An Architecture for Linguistic Analysis (POS-tagger, NP-recognizer, Parser) in the OntoQuery Project

Patrizia Paggio, Dorte Haltrup, Lene Offersgaard

 

Abstract:

The OntoQuery Parser Group will present three items: 1)The suggested architecture for the linguistic analysis. 2) The results of training Brill’s POS-tagger for Danish. 3) Considerations on using LKB as syntactic and semantic parser.

The suggested architecture for performing linguistic analysis consists of the following modules: tagger, NP-recogniser, syntactic and semantic parser and interface module to ontology. Use of dictionaries of different levels and the interaction between these dictionaries and the linguistic modules will be discussed. A diagram showing interaction of the different modules and dictionaries will be presented.

In OntoQuery a tagger for Danish has been trained.

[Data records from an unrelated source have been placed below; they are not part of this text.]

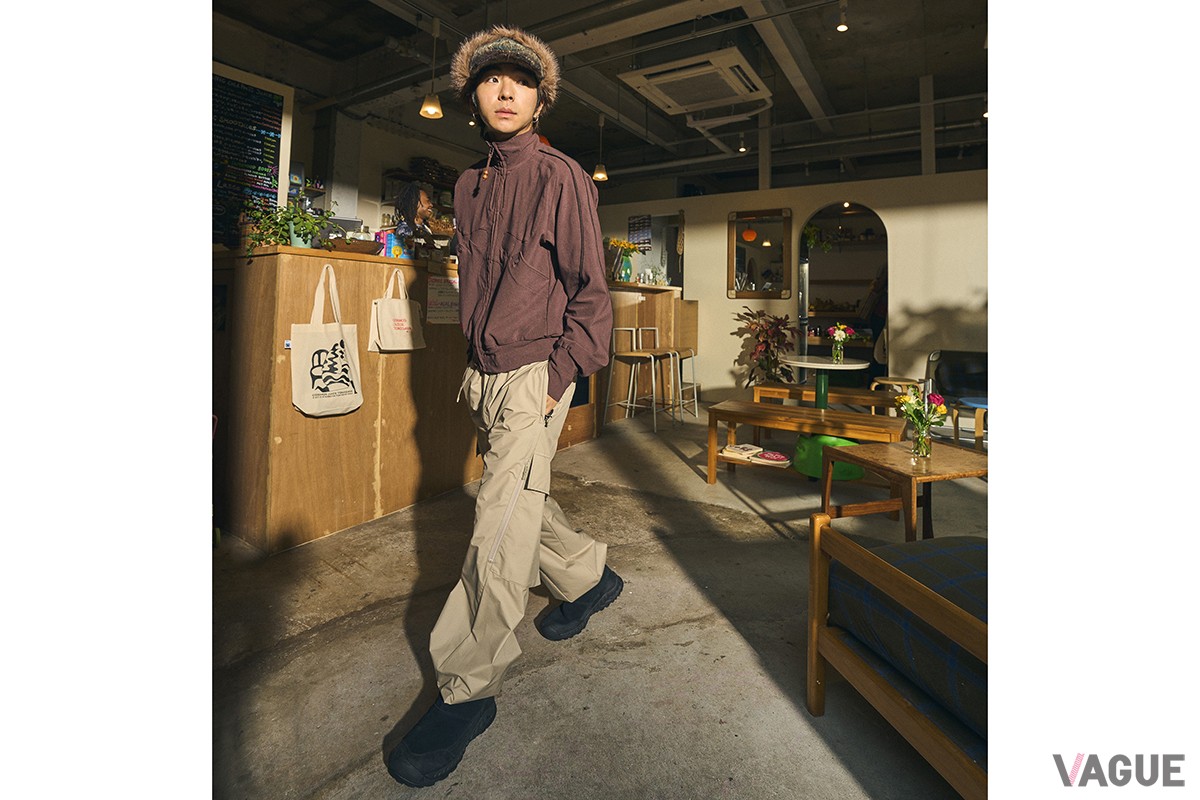 「HOOD NXIS PULL ON LEA WP」Black／Black
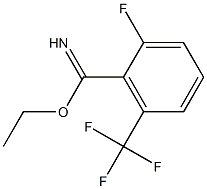 ethyl 2-fluoro-6-(trifluoromethyl)benzoimidate 구조식 이미지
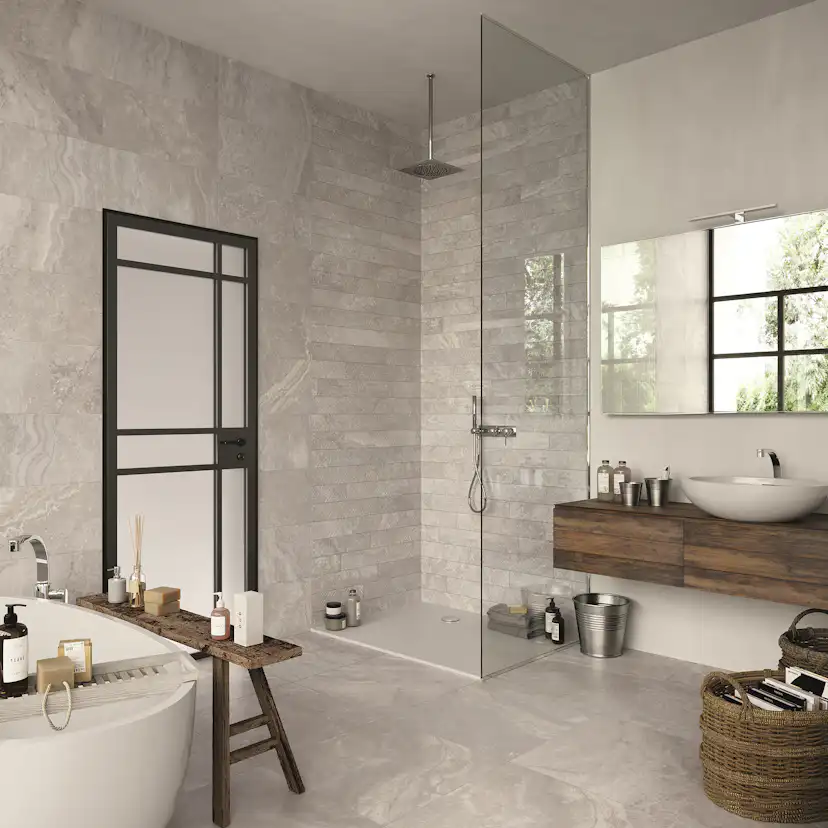 Klinker Astor Ceramiche Stream Silver Grå 30x60 cm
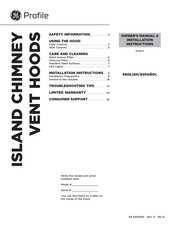 GE PV977 Manual Del Propietario E Instrucciones De Instalación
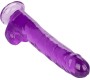 California Exotics CALEX IZMĒRS QUEEN DILDO - PURPUSA 25,5 CM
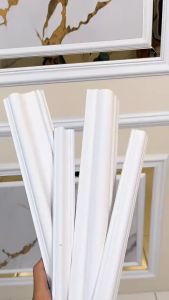 Lis Moulding Dinding / List Border Profil Wall Moulding / List profil PVC Dinding / Molding Panel Panjang 2.9 mtr Lebar 2cm 4cm 6cm dan 8cm / Wallmoulding PVC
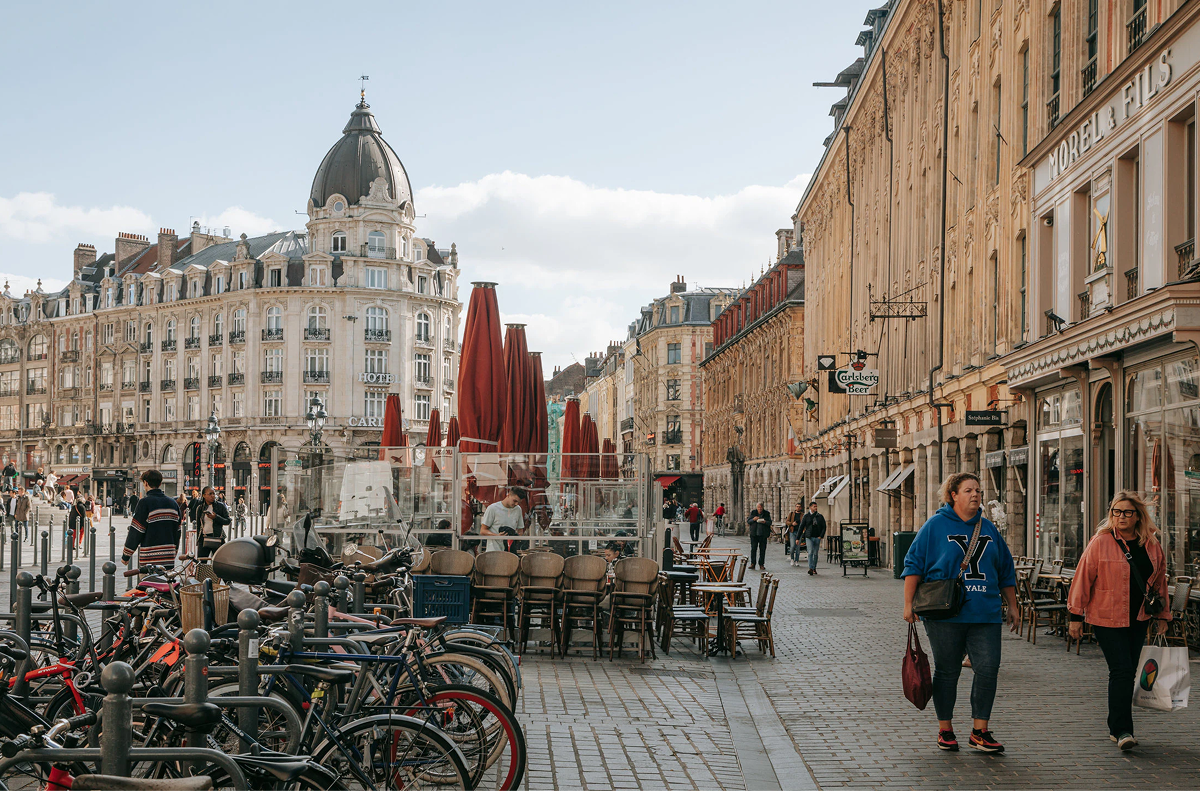 Đi bằng xe đạp  Du Lịch Lille Pháp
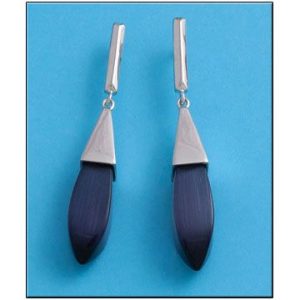Pendientes plata 925mm ojo de gato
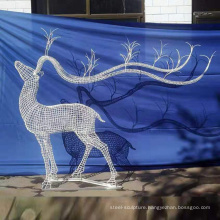 Outdoor decoration metal deer sculpture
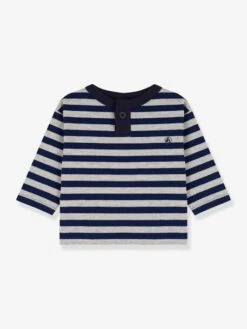 Tee-shirt Manches Longues Bébé En Coton - PETIT BATEAU -Petit Bateau Soldes tee shirt manches longues bebe en coton petit bateau 2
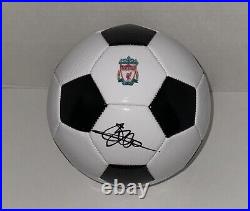 Sami Hyypia Signed Soccer Ball Futbol Liverpool Fc Legend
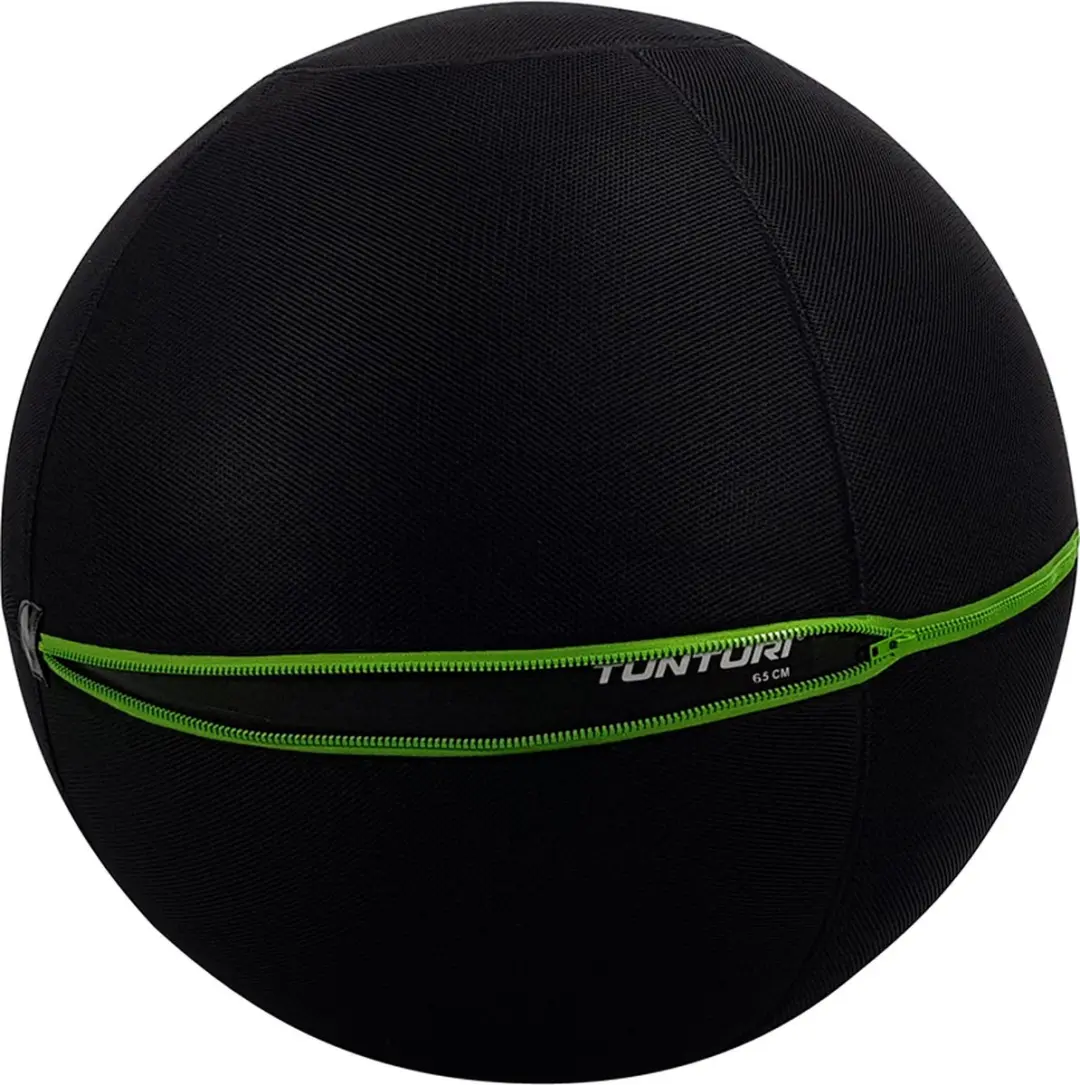 Tunturi Fitnessbalhoes 65cm - Groen/Zwart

The principles of Brill’s tagger will be described, followed by the results achieved with the tagger. In Eric Brill’s paper on his rule-based tagger he states that the tagger gives 97.2% correct analyses, when it is trained with 600.000 words, and all words in the test material are known by the tagger. In this attempt to train Brill’s tagger 98.5% correct analyses are found when the tagger is trained on 260.000 words and all words are known. Brill reports 96.5% correct analyses when the tagger is trained on 950.000 words from the Penn Treebank, furthermore 85% of all unknown words are correctly guessed. We have achieved comparable results for Danish where 96.5% of all words get the right analysis and 80% of all unknown words are correctly guessed.

As a last item we will present our considerations on how to use a parser module in the project. LKB is proposed as a promising candidate. LKB is a unification and type feature structure based grammar development environment, which includes a bottom-up chart parser.